Ma non è sola la sicurezza di Mr. Bush ad essere in pericolo; da parte loro i manifestanti temono che questo clima infuocato impedisca, di fatto, il loro diritto a farsi sentire.
Berlusconi, replicando al suo neoministro degli esteri Ruggero che a Goteborg ha dichiarato: “No alle vittime, si al progresso”, si dice pronto al dialogo. E se molti si ritengono soddisfatti di quest’apertura, tanti altri – e noi tra questi – si domandano se non sia una strategia strumentale per calmare semplicemente le acque. Sta di fatto, che i Cobas e il Genoa social forum già si dichiarano insoddisfatti delle finte promesse del cavaliere, che dopo tanti proclami d’apertura, non si è neanche degnato di partecipare all’incontro promosso dal Ministero del lavoro.

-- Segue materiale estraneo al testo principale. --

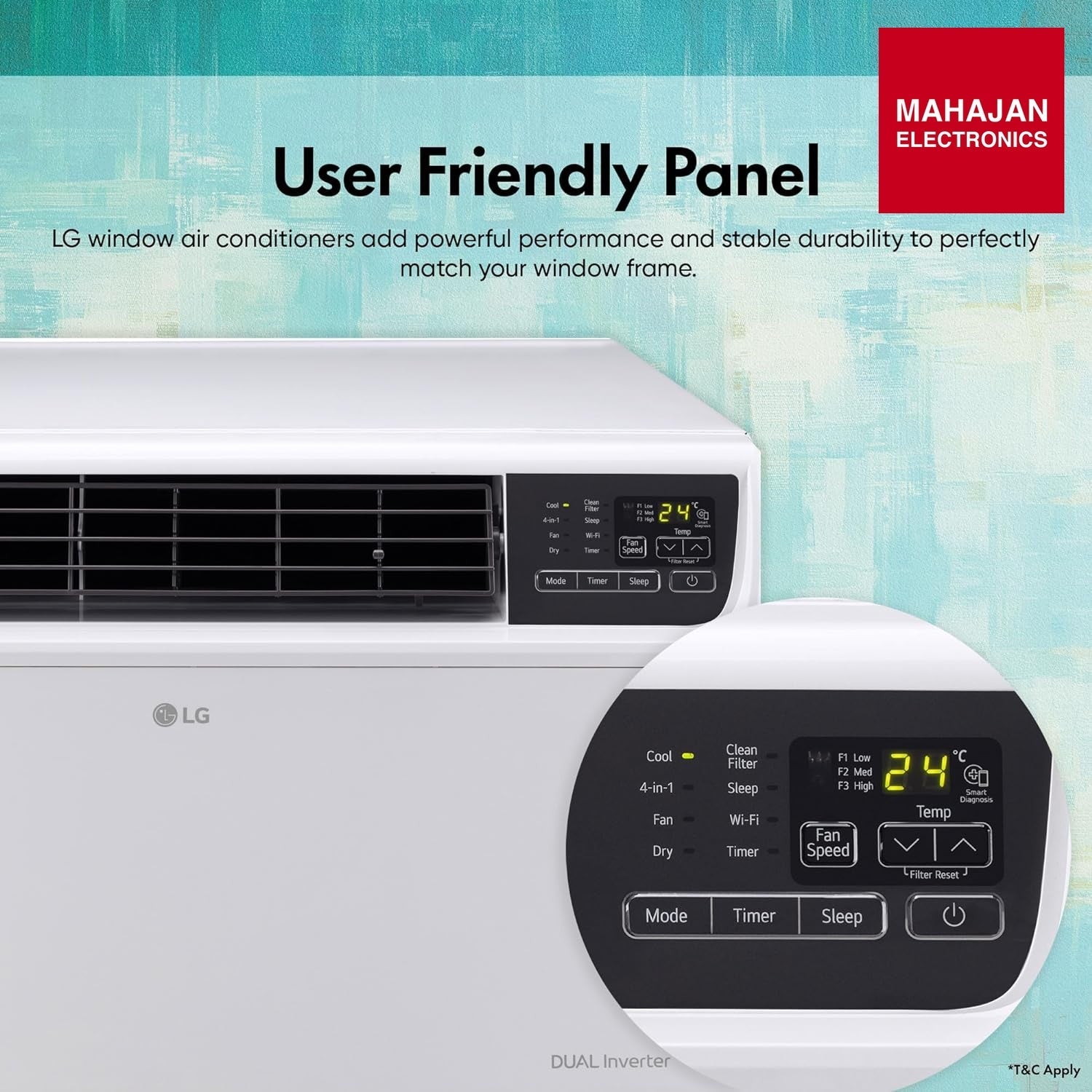 LG AW-Q24WWXA 2 Ton 3 Star Wi-Fi DUAL Inverter Window AC (Copper, Convertible 4-in-1 cooling, HD Filter, 2026 – Mahajan Electronics Online.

Preoccupa, per la verità, anche “l’insana” affinità elettiva tra il nostro presidente del consiglio e il presidente americano, ormai ribattezzato dal popolo di Seattle “toxic Bush”. (Vedi le analogie in termini di politiche ambientali, economiche e militari).

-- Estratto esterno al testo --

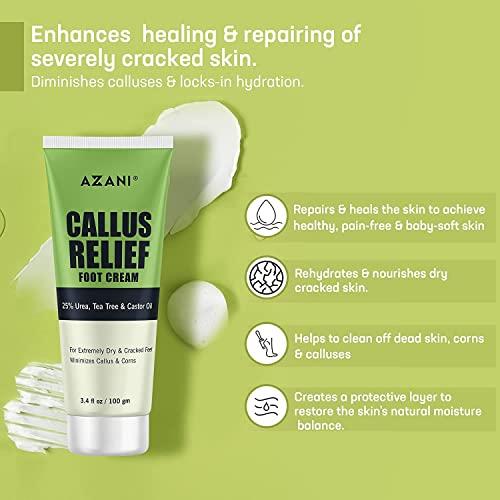 AZANI Azani Callus Relief Foot Cream - 100g | 25% Urea, Castor & Tea Tree Oil | Callus & Corns remover, Deeply moisturizes extreme Dry Rough Feet, Cracked heel | Exfoliates Dead skin| Women & Men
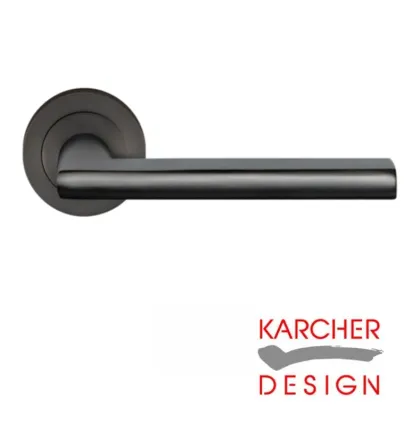 Montana Lever on Rose Door Handles - Karcher Titanium Grey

Forse è questo il nocciolo del problema che, richieste di dialogo a parte, non è stato ancora affrontato. C’è chi chiede come i Verdi e il PRC, un contro-vertice che s’incentri sulle ragioni della globalizzazione o, meglio, sulle alternative all’economia neoliberista che fa dello sviluppo di pochi la ragione dello sfruttamento di tanti. Pur nella violenza degli scontri, spesso subita e talvolta, purtroppo, provocata da certi gruppi estremisti, il popolo di Seattle ha sempre portato in piazza la volontà di far luce sui “margini” dello sviluppo occidentale, sulle zone nere, sulle sacche di povertà e sulle contraddizioni insanabili che esso genera.
C’è il pericolo, ora più che mai, che il G8 diventi un banchetto in cui gli “otto pachidermi s’ incontrano per spartirsi l’erba…” Se è vera la disponibilità al dialogo, sono necessarie non le solite strette di mano di facciata ma risposte serie. Le aspettiamo.